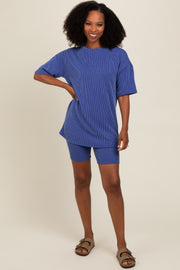 Royal Blue Ribbed Biker Shorts Set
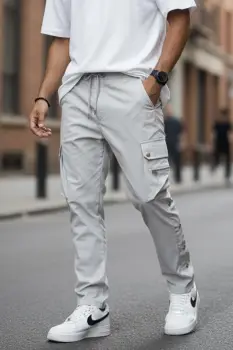 Pantaloni de trening cargo  gri  conici Y142 imagine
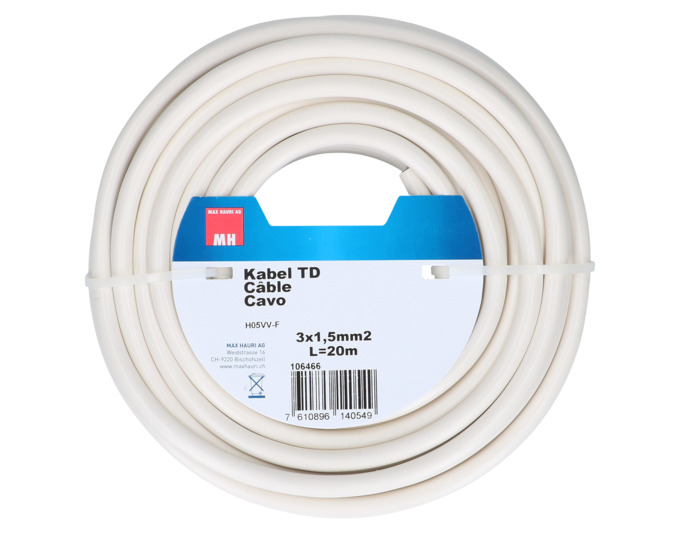 Kabel TD 3x1.5 weiss 20m<br>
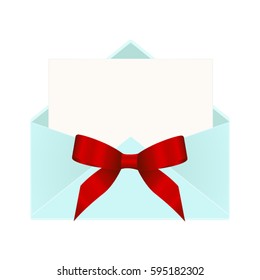 Letter in an envelope decorated with red ribbon bow. Illustration isolated on white background.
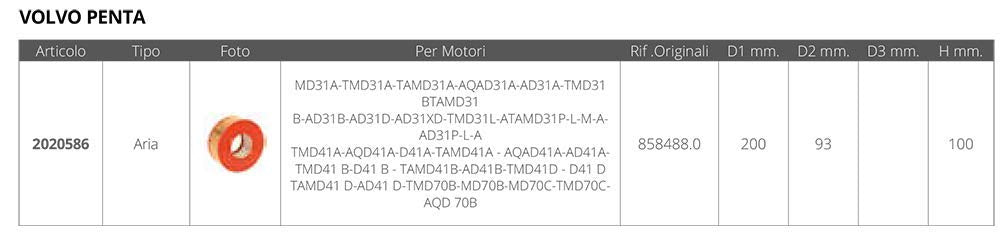 FILTRO ARIA VOLVO RIF.OR. 858488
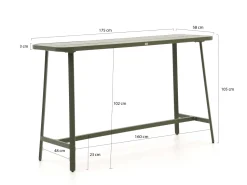 Bellagio Cino 175 cm Gartenbar-Set 5-Teilig Stapelbar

- **TASK PROMPT**: Each line above should be output exactly, apart from the pictures.

- **ANSWER AREA**:
 Royal Blue Ribbed Biker Shorts Set
 Pantaloni de trening cargo  gri  conici Y142 imagine
 Kabel TD 3x1.5 weiss 20m<br>
 Letter in an envelope decorated with red ribbon bow. Illustration isolated on white background.
 FILTRO ARIA VOLVO RIF.OR. 858488
 Bellagio Cino 175 cm Gartenbar-Set 5-Teilig Stapelbar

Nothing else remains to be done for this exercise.